Result: The combination of call-ups and minor trades -- in conjunction with the move to deal Manny Ramirez (and prospects) to land Jason Bay -- allows the Sox to reach the playoffs and to come within a game of the World Series.
Injuries: Curt Schilling missed seven weeks from late-June to early-August. Manny Ramirez suffers late-August oblique strain. The team was worried about overuse of Hideki Okajima at the trade deadline. Brendan Donnelly had a torn ulnar collateral ligament and needed Tommy John surgery.
In-house alternatives: Kason Gabbard and Jon Lester contribute in Schilling's absence. Ellsbury fills in as an everyday corner outfielder with Ramirez sidelined.
Countermoves: The Sox acquired Eric Gagne to offer late-innings insurance for All-Star setup man Okajima and to offset some of the innings lost by Donnelly's absence.
Result: Gagne was a bust, but Ellsbury and Lester both became important contributors both down the stretch and in the postseason en route to a World Series win.
Injuries: Coco Crisp was never right after suffering a broken finger in the first week of the year. Matt Clement never pitched after mid-June due to shoulder injuries that effectively ended his career. Tim Wakefield missed about two months from mid-July to mid-September as a result of a stress fracture in his ribs. David Wells missed almost all of the first four months of the season before returning to the mound on the day of the trade deadline. Hours after the trade deadline, Jason Varitek suffered a torn meniscus and was out until September; upon his return, he was ineffective. The next day, Trot Nixon suffered an oblique strain and missed all of August. Jon Lester's season came to a shocking halt when he was diagnosed with cancer at the beginning of September. Keith Foulke missed roughly two months from mid-June to mid-August.
In-house alternatives: Wily Mo Pena became the primary center fielder in Crisp's absence. Gabe Kapler and David Murphy eventually assumed some of Nixon's workload. Lester initially served as depth before his diagnosis with cancer. Lenny DiNardo struggled as a rotation depth option. In Foulke's place, Jonathan Papelbon emerged as the closer (until his career nearly got derailed by a shoulder subluxation in September), while the Sox relied for stretches of the year on right-handers like Manny Delcarmen and Craig Hansen.
Countermoves: The Sox added catchers Corky Miller and Javier Lopez with Varitek out.
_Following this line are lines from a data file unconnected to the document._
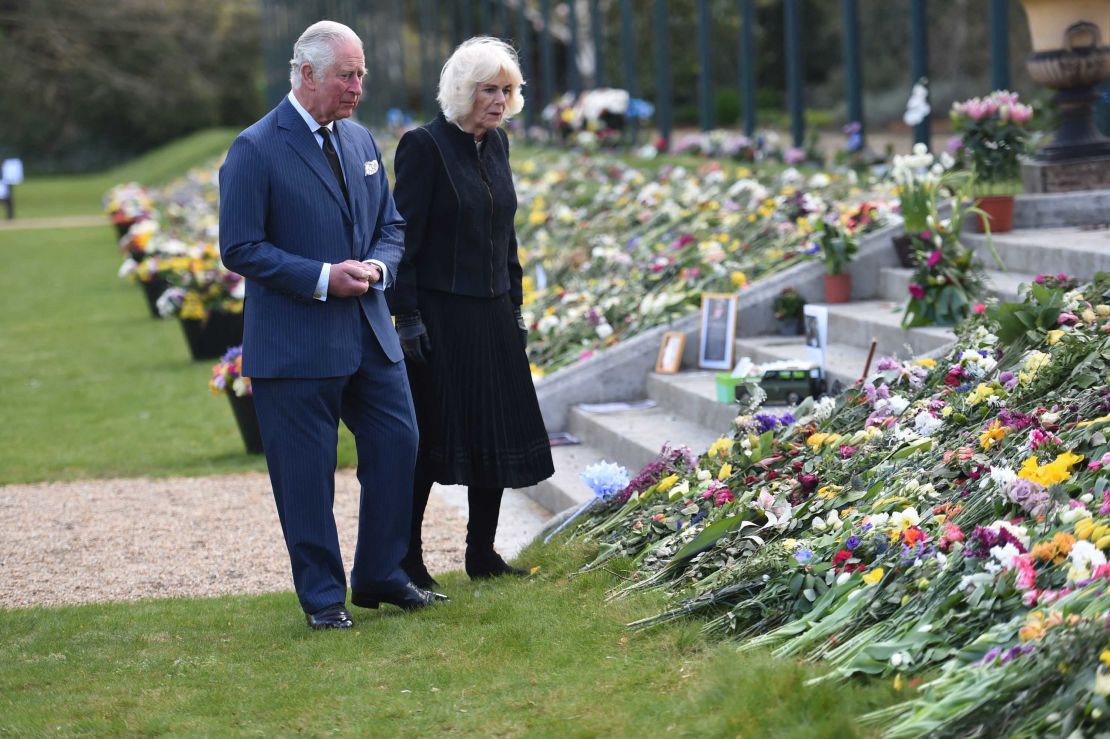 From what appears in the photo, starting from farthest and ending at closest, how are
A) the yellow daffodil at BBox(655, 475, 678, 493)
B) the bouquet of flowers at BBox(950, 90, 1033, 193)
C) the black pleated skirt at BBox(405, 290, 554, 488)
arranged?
the bouquet of flowers at BBox(950, 90, 1033, 193) < the yellow daffodil at BBox(655, 475, 678, 493) < the black pleated skirt at BBox(405, 290, 554, 488)

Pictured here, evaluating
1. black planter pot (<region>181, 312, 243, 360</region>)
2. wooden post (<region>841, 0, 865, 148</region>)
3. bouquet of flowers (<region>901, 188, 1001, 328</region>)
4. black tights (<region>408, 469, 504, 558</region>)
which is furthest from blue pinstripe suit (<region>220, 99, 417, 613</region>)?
wooden post (<region>841, 0, 865, 148</region>)

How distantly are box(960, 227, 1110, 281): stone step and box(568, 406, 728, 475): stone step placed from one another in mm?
1762

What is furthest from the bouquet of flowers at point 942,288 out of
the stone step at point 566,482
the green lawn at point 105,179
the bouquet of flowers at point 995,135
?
the green lawn at point 105,179

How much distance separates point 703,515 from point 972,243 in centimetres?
339

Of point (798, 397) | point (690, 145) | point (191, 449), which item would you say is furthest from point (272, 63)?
point (798, 397)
The team went out of the organization for a succession of duct tape starters such as Jason Johnson, Kyle Snyder and Kevin Jarvis. With Foulke out, the team added Bryan Corey at the trade deadline.
Result: The injuries to Varitek and Nixon right after the trade deadline proved devastating, as did the injuries to the rotation. A team that had been in first place to that point fell apart in August, with most of the replacements brought in from outside the organization performing poorly.
Injuries: Keith Foulke underwent knee surgery in early July and was gone for the next two months, playing a considerable role in a mess of a bullpen. Curt Schilling missed three months from mid-April to mid-July and returned in a bullpen role for about a month and a half before finishing the year as a starter. A pair of players whom the Sox acquired with injury histories -- Wade Miller and Matt Mantei -- added to those injury histories.
In-house alternatives: Jonathan Papelbon made three starts, the first coming on the trade deadline with two more in August, before being moved to the bullpen.
Countermoves: In August and September, the Sox churned through a number of pitchers who had been released by other organizations, to little effect. The Blaine Neals, Chad Harvilles and Mike Remlingers of the world made little impact.
Result: The Sox passed on deals such as a swap of Kevin Youkilis for J.C. Romero, with Papelbon making a huge impact in the bullpen, both in 2005 and beyond.